Thursday, February 26, 2009

The Mischief In Obama's $634B Health Care Fund




No man is exempt from saying silly things; the mischief is to say them deliberately. - Michel de Montaigne


Last week as reported in The Houston Comical Kelsey Seybold clinic announced plans to stop accepting Medicare patients except those enrolled in a Medicare Advantage Plan. The stated reason is that the reimbursement from Medicare is below the cost of actually providing that care. The article notes that in TX the percentage of physicians accepting Medicare is down from 78% in 2000 to 64% recently.




The biggest chunk of savings in the budget proposal, estimated at $177
billion over 10 years, would come from changing the pay structure for private
managed-care plans that participate in Medicare. Under current law, payments for Medicare Advantage plans are set by a formula, and the result is that private
companies are paid, on average, 14% more to care for a Medicare patient than the
government would normally spend through the traditional Medicare plan.



So the bottom line is that for years physicians have been moving out of traditional Medicare due to poor reimbursement that has shifted costs to employers and individuals with insurance and cash payers which has fueled health care inflation and increased the number of uninsured Americans. Many have moved to Medicare Advantage where there remained an opportunity for a profit. That profit has now been targeted. Don't believe me? Managed care stocks with Medicare Advantage exposure are in free fall as pointed out here.

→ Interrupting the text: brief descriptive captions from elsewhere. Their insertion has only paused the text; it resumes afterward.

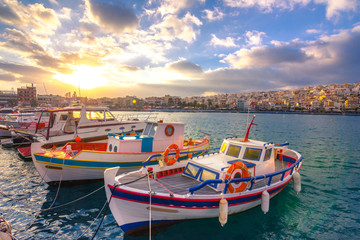 The pictursque port of Sitia, Crete, Greece at sunset. Sitia is a traditional town at the east...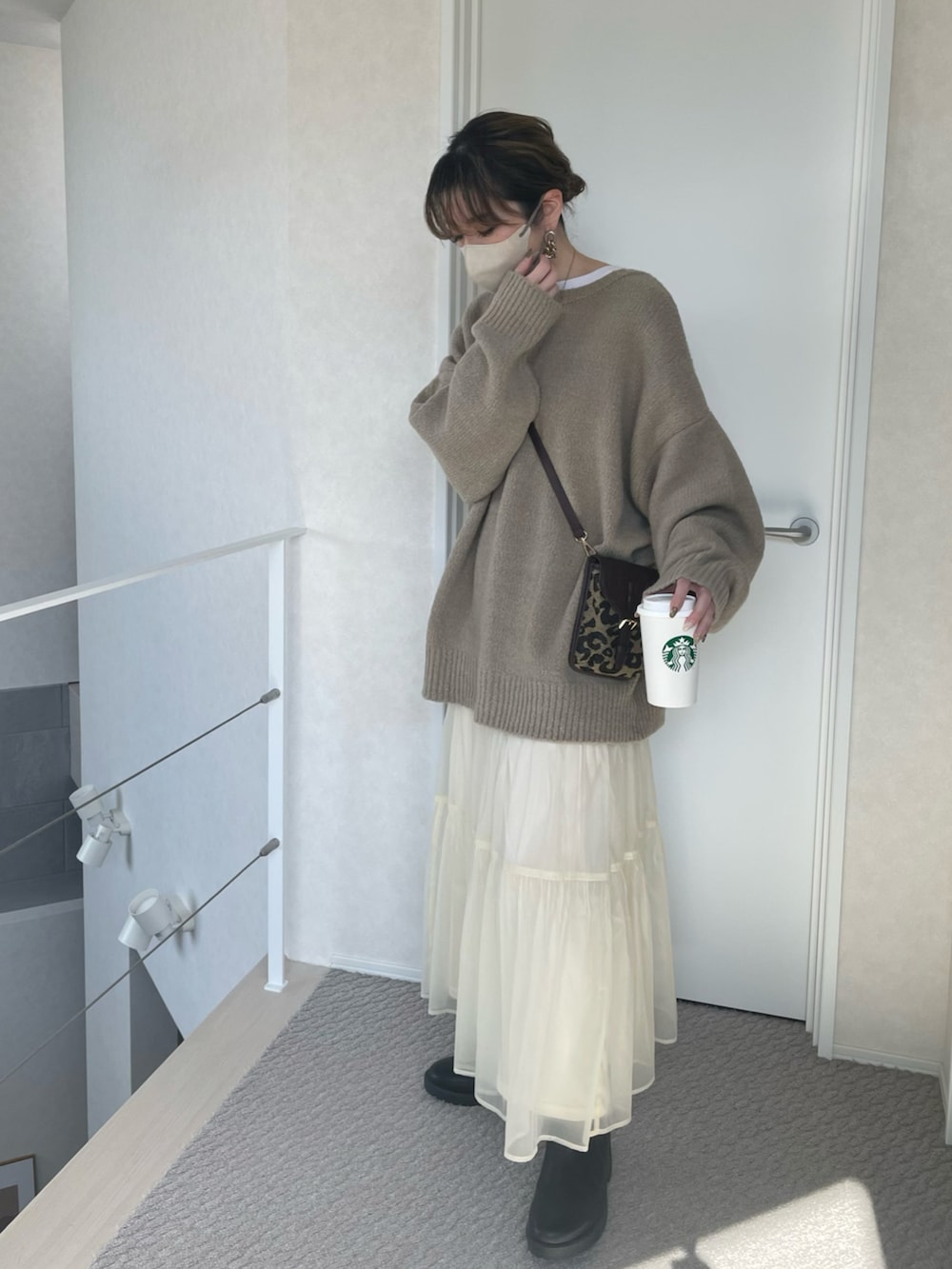 ベージュ系のカーディガン/ボレロ、ホワイト系のスカート、ブラウン系のショルダーバッグを着用したレディースの冬コーディネートの3枚目の写真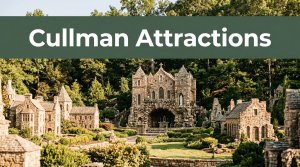Ave Maria Grotto miniature buildings beneath a Cullman Attractions banner.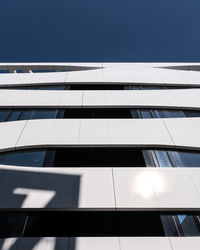 Low angle view of modern building against clear sky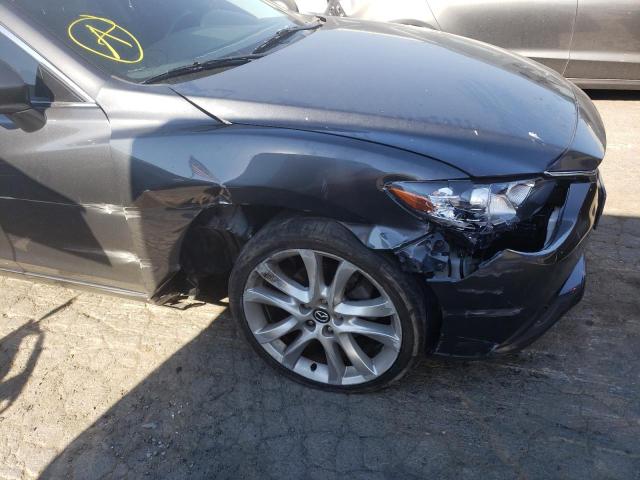 Photo 9 from auction – 2014 MAZDA 6 TOURING with VIN JM1GJ1V64E1125020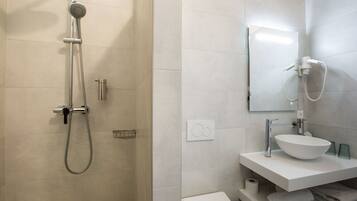 Ein modernes Badezimmer mit Dusche, Waschbecken und Toilette.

In a note today downgrading both HealthSpring and Humana, along with
$575 million Universal American Corp. (
UAM)
to “Underperform” from “Market Perform,” BMO Capital analyst Dave Shove writes today that Medicare’s profitability growth “will all but disappear” as a result. Medicare programs will see “significant” reductions in enrollment in 2010 and a 1.5 percentage-point drop in profit margins, writes Shove, and the movement of many of the insured to public programs away from private Medicare coverage. The last time HHS “dealt a crushing blow to Medicare Advantage capitation rates,” in 2000, writes shove, “the program lost roughly 10% of enrollees in the first year, and bottomed out with 22% participation loss over a three year span.” (Bear in mind, the capitation rates statement is preliminary: final rates will be decided on April 6 and could potentially be higher, meaning, more
profitable.)

For decades the US government has shifted costs for entitlements like Medicare to the private sector leading to rampant health care inflation. As we move towards the promised land of universal coverage such policies will no longer work. I only hope the media will begin to point out the mischief when silly statements crafted as policy are reported. As for me I am not amused.